Alcohol affects triglycerides and liver enzyme levels, both of which are commonly measured in routine panels. Avoid alcoholic drinks for at least 24 hours before your blood draw. Even a glass of wine the night before can elevate triglyceride readings the next morning.

Timing Your Fast

The easiest approach is to schedule your blood draw first thing in the morning. Eat a normal dinner the night before, finishing by 8 or 9 p.m., then sleep through most of the fasting period. By the time the lab opens at 7 or 8 a.m., you’ll have 10 to 12 hours of fasting behind you with minimal discomfort.

If your appointment is later in the day, count backward 12 hours from your scheduled draw time and stop eating then. A midday appointment means you could have a light snack around midnight and then fast through the morning. This is harder for most people, which is why early appointments are popular.

What Happens If You Accidentally Eat

A bite of toast or a splash of cream in your coffee is more of an “oops” than a disaster, according to guidance from Mayo Clinic. The impact depends on what you ate and which test you’re getting.

Blood glucose rises after any food, but a small low-carb meal (like scrambled eggs) causes a much smaller spike than something sugary like a doughnut. If you ate before a glucose test, your provider can sometimes interpret the result as a “random glucose” instead, which is still useful for diabetes screening, though not quite as precise as a true fasting level.
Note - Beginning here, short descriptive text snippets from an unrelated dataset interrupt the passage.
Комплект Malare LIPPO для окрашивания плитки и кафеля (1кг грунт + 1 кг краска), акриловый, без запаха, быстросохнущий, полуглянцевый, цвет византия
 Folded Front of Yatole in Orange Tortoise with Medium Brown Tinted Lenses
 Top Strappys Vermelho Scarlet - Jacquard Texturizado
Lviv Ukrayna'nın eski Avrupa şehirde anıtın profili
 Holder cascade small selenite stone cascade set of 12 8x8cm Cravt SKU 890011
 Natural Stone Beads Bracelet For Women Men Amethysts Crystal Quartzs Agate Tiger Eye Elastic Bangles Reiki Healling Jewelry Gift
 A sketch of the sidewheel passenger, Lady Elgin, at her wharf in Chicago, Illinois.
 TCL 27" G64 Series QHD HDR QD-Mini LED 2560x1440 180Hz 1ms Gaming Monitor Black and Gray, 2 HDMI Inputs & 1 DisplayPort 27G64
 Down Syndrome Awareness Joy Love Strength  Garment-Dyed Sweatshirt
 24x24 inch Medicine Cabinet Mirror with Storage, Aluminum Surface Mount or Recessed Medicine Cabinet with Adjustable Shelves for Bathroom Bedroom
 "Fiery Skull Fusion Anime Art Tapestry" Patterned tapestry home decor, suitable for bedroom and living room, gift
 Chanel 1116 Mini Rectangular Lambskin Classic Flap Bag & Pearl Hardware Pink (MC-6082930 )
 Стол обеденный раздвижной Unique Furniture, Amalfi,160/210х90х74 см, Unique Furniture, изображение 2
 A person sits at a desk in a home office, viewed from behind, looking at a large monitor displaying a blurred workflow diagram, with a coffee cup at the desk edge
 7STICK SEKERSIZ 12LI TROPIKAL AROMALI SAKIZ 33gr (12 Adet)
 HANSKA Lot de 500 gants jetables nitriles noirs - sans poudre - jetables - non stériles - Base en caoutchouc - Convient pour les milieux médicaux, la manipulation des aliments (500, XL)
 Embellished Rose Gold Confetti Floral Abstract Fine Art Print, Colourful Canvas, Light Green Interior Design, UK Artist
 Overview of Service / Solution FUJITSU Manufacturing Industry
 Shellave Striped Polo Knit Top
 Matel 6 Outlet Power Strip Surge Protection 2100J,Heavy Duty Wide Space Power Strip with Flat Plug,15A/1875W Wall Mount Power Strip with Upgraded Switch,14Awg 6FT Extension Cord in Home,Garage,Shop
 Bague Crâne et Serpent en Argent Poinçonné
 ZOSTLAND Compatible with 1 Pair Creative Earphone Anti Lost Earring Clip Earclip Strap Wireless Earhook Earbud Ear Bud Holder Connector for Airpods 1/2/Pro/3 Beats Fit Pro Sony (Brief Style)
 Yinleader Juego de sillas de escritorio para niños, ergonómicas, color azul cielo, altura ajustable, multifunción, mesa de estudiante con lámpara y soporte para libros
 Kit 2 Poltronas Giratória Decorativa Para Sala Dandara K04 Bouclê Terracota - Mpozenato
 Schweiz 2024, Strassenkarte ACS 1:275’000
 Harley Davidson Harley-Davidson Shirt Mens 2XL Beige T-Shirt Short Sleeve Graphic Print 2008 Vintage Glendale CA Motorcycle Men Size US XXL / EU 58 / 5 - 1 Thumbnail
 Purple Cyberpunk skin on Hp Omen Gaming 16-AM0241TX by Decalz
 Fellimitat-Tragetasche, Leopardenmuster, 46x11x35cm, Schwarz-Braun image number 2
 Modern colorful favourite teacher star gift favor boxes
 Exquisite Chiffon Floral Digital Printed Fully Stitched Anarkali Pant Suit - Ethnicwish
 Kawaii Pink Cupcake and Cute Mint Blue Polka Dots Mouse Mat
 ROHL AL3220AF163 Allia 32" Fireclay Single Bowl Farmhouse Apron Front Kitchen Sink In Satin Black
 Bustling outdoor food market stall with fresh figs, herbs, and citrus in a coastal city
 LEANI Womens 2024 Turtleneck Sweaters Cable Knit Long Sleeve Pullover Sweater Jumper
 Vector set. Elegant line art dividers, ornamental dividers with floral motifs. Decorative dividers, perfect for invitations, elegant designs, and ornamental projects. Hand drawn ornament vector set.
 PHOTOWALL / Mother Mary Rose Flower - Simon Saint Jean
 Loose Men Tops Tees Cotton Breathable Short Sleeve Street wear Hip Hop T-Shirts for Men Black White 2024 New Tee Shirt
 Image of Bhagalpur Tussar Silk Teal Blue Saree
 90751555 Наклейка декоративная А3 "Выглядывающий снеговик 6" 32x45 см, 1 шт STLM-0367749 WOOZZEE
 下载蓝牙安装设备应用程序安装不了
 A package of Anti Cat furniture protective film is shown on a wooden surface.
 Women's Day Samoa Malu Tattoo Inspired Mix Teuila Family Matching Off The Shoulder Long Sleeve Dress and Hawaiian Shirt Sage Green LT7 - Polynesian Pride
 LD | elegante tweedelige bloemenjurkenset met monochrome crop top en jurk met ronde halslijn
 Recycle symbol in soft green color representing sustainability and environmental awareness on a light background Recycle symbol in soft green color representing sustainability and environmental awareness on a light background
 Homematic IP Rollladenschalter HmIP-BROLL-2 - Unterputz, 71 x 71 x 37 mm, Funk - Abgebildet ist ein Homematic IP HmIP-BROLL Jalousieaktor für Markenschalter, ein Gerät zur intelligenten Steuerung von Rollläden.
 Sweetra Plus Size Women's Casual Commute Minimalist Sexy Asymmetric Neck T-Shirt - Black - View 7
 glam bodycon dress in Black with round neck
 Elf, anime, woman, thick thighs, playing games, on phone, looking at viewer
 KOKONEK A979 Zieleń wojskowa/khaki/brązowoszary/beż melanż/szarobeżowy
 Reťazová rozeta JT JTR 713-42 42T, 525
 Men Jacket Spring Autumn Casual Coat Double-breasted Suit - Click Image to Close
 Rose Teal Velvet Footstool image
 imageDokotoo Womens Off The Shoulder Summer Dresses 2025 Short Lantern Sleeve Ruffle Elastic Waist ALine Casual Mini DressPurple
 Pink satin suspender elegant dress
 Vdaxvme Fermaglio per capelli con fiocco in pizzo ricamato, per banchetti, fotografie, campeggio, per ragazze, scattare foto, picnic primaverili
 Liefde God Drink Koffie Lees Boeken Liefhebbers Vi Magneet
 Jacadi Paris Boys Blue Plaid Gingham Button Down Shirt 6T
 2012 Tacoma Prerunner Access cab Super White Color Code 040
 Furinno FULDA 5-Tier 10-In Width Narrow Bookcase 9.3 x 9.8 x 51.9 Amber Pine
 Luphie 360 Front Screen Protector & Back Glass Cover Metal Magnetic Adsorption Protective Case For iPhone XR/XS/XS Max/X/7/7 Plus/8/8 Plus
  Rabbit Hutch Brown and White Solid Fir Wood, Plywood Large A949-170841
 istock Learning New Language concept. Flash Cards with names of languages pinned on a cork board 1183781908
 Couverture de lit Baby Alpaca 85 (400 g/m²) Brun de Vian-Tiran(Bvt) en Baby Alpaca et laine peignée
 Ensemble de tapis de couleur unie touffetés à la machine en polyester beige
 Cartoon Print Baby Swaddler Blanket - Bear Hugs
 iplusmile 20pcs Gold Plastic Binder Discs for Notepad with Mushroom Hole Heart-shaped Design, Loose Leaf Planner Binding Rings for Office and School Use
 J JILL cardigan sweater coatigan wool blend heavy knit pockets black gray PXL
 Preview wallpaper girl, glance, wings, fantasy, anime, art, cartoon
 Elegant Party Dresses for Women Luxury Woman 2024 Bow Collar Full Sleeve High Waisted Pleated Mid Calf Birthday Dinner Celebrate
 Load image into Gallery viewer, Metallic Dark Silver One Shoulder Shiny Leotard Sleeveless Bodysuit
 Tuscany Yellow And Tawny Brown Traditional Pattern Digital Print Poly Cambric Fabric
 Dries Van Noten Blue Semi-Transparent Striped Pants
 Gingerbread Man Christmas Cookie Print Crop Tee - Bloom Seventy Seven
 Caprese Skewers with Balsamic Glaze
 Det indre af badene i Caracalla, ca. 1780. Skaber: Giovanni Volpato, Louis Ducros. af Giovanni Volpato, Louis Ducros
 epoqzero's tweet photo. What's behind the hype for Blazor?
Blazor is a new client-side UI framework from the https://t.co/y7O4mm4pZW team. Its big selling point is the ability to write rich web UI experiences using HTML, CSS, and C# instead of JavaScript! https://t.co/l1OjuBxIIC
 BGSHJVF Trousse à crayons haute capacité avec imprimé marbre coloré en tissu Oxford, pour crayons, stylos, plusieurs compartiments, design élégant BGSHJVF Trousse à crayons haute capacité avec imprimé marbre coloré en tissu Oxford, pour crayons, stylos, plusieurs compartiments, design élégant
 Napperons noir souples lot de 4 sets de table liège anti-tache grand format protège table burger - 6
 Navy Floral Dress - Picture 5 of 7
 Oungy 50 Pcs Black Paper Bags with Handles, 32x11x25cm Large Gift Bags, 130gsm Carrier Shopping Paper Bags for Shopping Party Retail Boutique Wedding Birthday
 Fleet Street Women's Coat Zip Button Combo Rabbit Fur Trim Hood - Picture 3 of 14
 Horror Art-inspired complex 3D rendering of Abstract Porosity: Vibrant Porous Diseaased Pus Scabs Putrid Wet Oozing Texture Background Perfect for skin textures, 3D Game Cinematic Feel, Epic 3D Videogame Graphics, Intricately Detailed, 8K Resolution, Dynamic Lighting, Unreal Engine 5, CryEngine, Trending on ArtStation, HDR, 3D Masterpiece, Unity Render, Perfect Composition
For a lipid panel, triglycerides and LDL cholesterol are the values most affected by recent eating. Total cholesterol and HDL (“good”) cholesterol stay relatively stable whether you’ve eaten or not. Since LDL is calculated partly from triglycerides, a post-meal triglyceride spike can make your LDL number less accurate.

If you realize you’ve broken your fast, tell the person drawing your blood and let your provider’s office know. They’ll decide whether to proceed, adjust how they interpret the results, or reschedule. In many cases, they’ll go ahead with the draw rather than make you come back.

Fasting During Pregnancy

Pregnant women are typically screened for gestational diabetes between 24 and 28 weeks, sometimes earlier if risk factors are present. The two-hour version of the glucose tolerance test requires a full 8-hour fast before drinking a glucose solution. If you’re pregnant and struggling with nausea or low blood sugar, let your care team know so they can help you time the test safely. Always mention any medications or supplements you’re taking, as these can affect results.